Idle power usage on RTX3060 LHR is stuck at 10-20 watts after running an app, like FFMPEG using the nvenc asic or using cuda. It does not return back to 4-5 watts and the card heats up to around 50c. But sometimes a card does get into the low power idle state (4-5watts), I am not sure why.
To test run something on the GPU, stop it. Notice 15-25w while idle, then do modprobe -r nvidia_drm; modprobe nvidia_drm to reset the GPUs, notice the power is back to 10ish watts with 1 lucky GPU at 4w.
How to make all the GPUs idle at 4-5w after running workload?
Hi @vans554 and welcome back to the developer forums!
Can you share a bit more detail on your setup? For example:
What kind of enclosure are you using
what brand(s) are the GPUs
which Linux Distribution is this running on?
when you observe the status as above, what are the fans doing of the respective GPUs?
How long does the above status stay as is?
With this additional information I can reach out internally if this is a known behavior or some unusual situation.
The above nvidia-smi output indicates that all the GPUs are correctly in P8 idle state, which means the lowest realistic power state is reached. But the additional ~6W do not justify the extra 10C temperature. So my suspicion is that the fans are running with higher RPMs and causing the higher idle power consumption.
which Linux Distribution is this running on? Ubuntu 22.04
when you observe the status as above, what are the fans doing of the respective GPUs? not spinning / nvidia-smi has them at 0%
How long does the above status stay as is? forever
NOTE: if I run a task to use the NVENC asic + a task to use the cuda cores. then kill both said tasks, the power at idle is even higher around 20w. And it never drops.

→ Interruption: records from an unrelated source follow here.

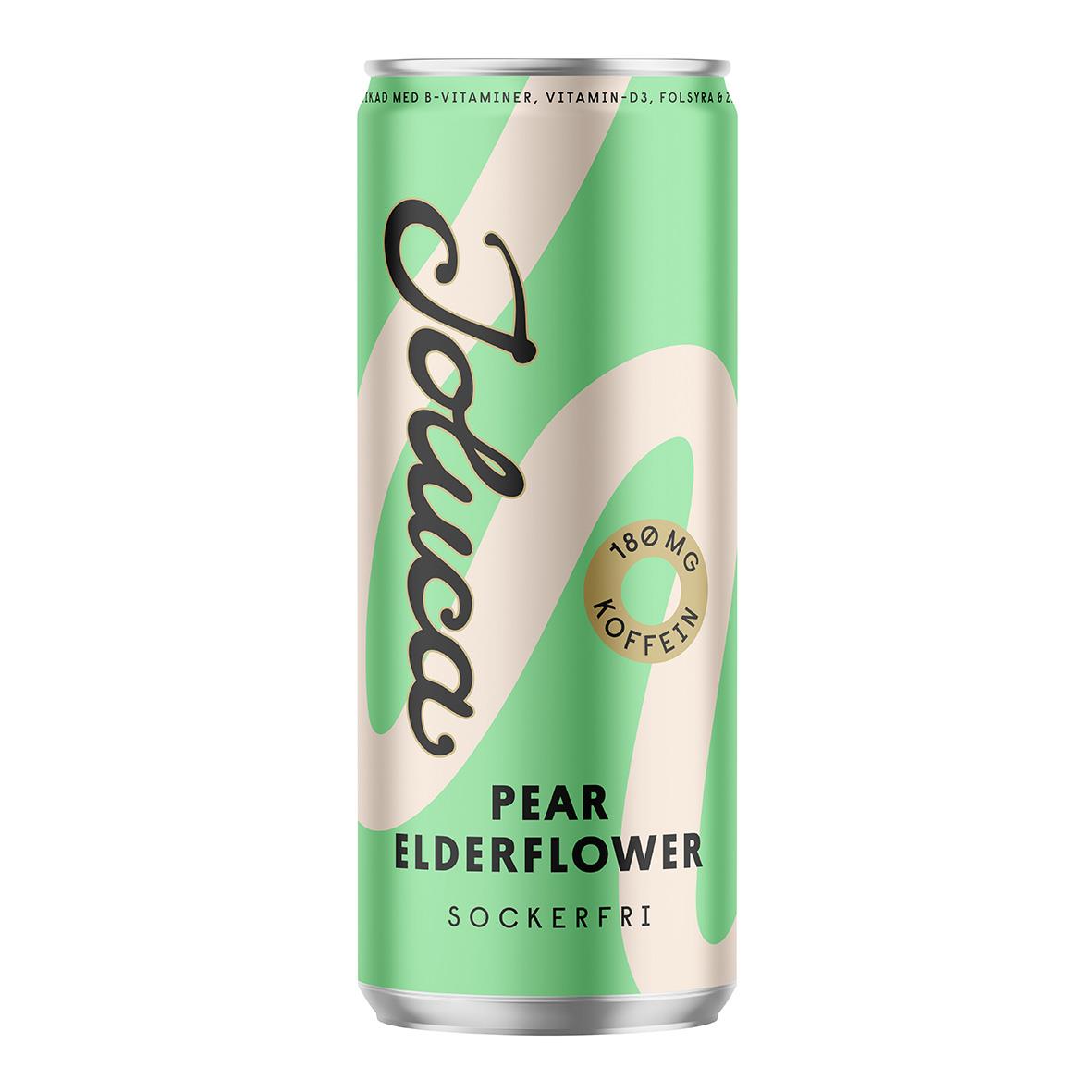 Energidryck Joluca Pear Elderflower 33cl i burk med grönt och vitt design, inkluderar pant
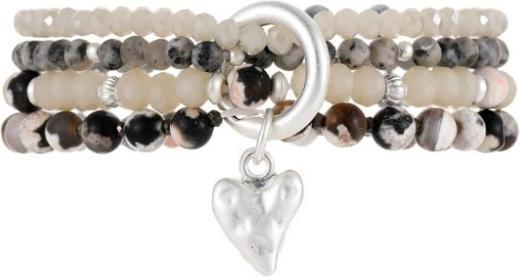 Andreani Armband aus echtem Grauem Achat mit Herzanhänger von (18 cm)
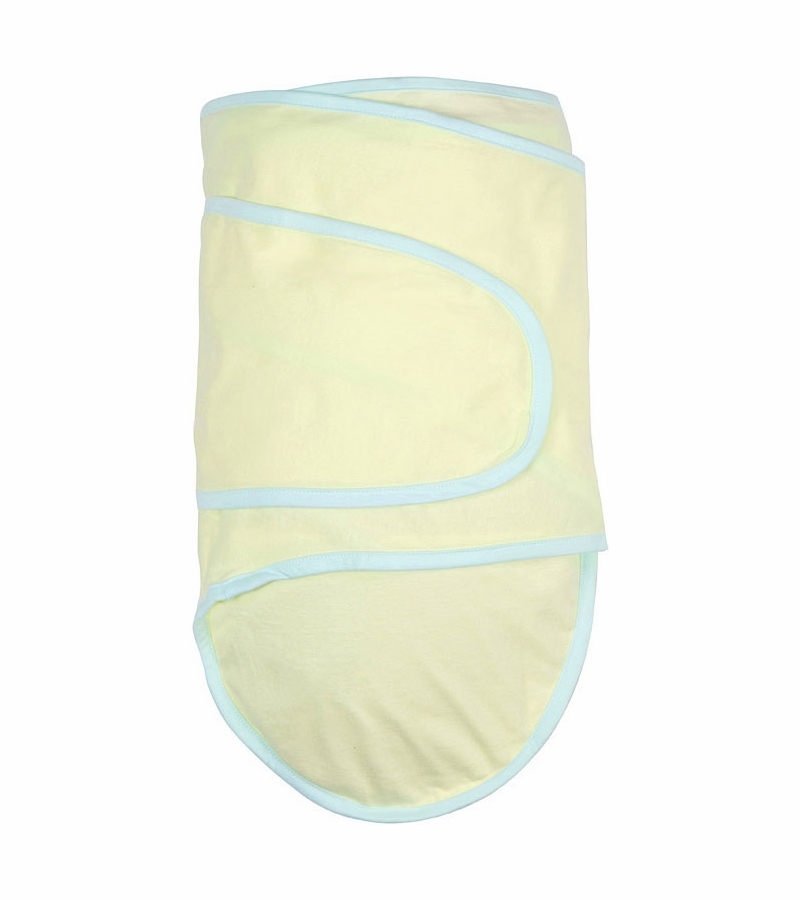 Miracle Blanket Swaddle Yellow with Aqua Trim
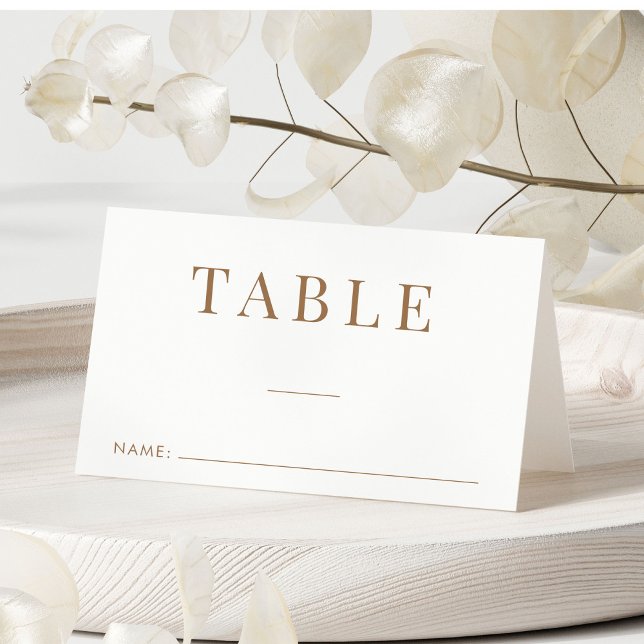 Elegant Gold Typography Wedding Table Number Place Card (Creator Uploaded)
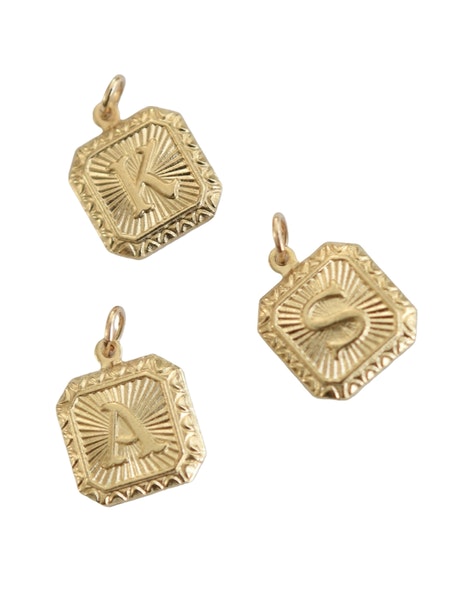 Square Initial Charm Gold — Wooden Nickel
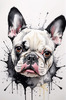 Sketchy Abstract Art of French Bulldog Face with Expressive Eyes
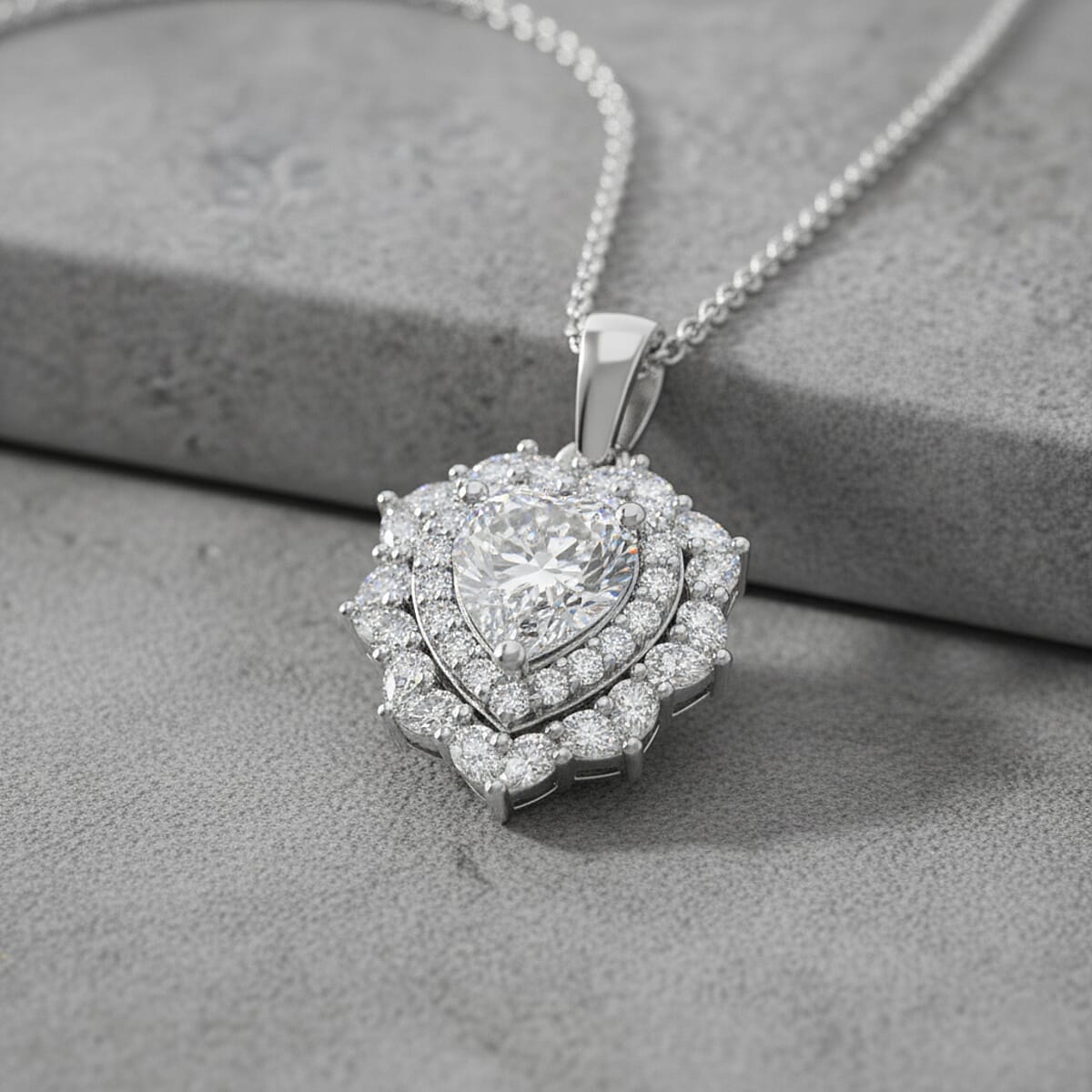  D'Joy Moissanite 3.00 ctw Crowned Heart Glow Pendant Necklace in Rhodium Over Sterling Silver 18 Inches image number 1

NOTE2: If i remove GPUs (leaving 1) or put a leaf blower to them (moves temps down to 30C) the wattage does not go down. It seems that exact GPU always can use 4w in the lower power state, whether its slotted solo, or with others.
I was hoping you might have a homogeneous set of GPUs, the mixed setup of different manufacturers and different GPUs (LHR vs non-LHR) will make it difficult to resolve this. I will see if I can find internal resources with more information.
Do you see the “misbehaving” GPUs ever be in a state with lower idle power? For example after boot?
Did you check with EVGA or Zotac support already? Might be worth contacting them to see if this is a known issue with them.
I plugged in a single GPU into the main slot, rebooted + kept temps really down by putting a giant fan in front of it.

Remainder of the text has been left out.